= Account of profits =

Type of equitable remedy in law

An account of profits (sometimes referred to as an accounting for profits or simply an accounting) is a type of equitable remedy most commonly used in cases of breach of fiduciary duty. It is an action taken against a defendant to recover the profits taken as a result of the breach of duty, in order to prevent unjust enrichment.

In conducting an account of profits, the plaintiff is treated as if they were conducting the business of the defendant, and made those profits which were attributable to the defendant's wrongful actions. This can be rather complex in practice, because the defendant's accounting records must be examined (sometimes by a forensic accountant) to determine what portion of his gross profits were derived to the wrongful act in question. As a result, mathematical exactness is not called for and reasonable approximation is acceptable.

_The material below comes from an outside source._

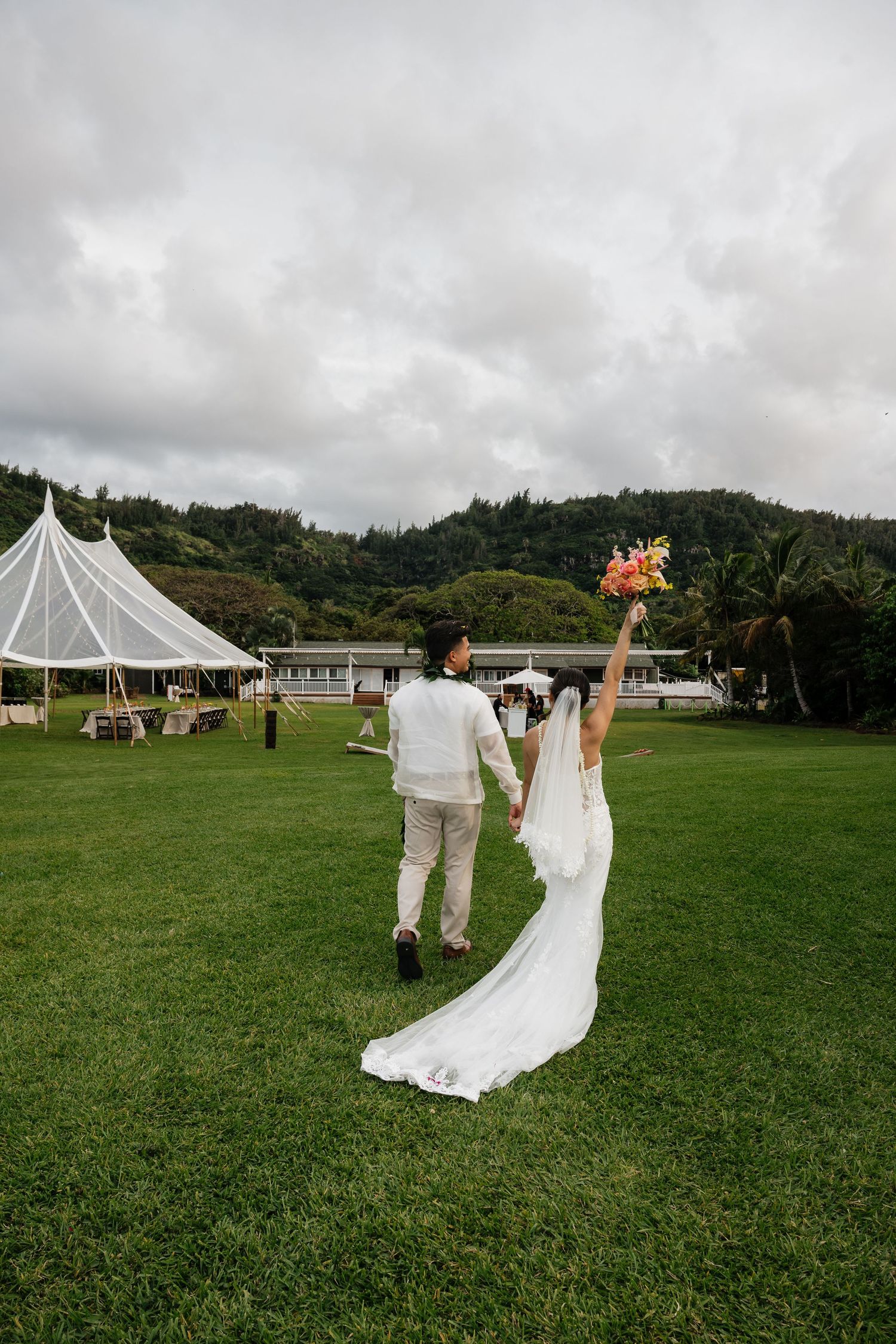 Bride and groom walking hand-in-hand toward white wedding tent on green lawn in Hawaii.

Historically an account was not an equitable remedy, but was an action at common law, and is therefore technically an instrument of law, though it arose at a time before the distinction between law and equity was marked.

Co-owners in concurrent estates also have the right to an accounting of profits, in order to properly apportion income from the use or leasing of the property. The remedy is also available against strangers to a trust who "dishonestly assist" an express trustee in a breach of the trustee's fiduciary duty.

Case law has shown roughly two approaches to assessing the extent of an account of profits:
1. To account not of the entire business but of the particular benefits which flowed to him in breach of his duty;
2. To account for the entire business and its profits, due allowance being made for the time, energy, skill and financial contribution of the fiduciary (the approach in Boardman v Phipps).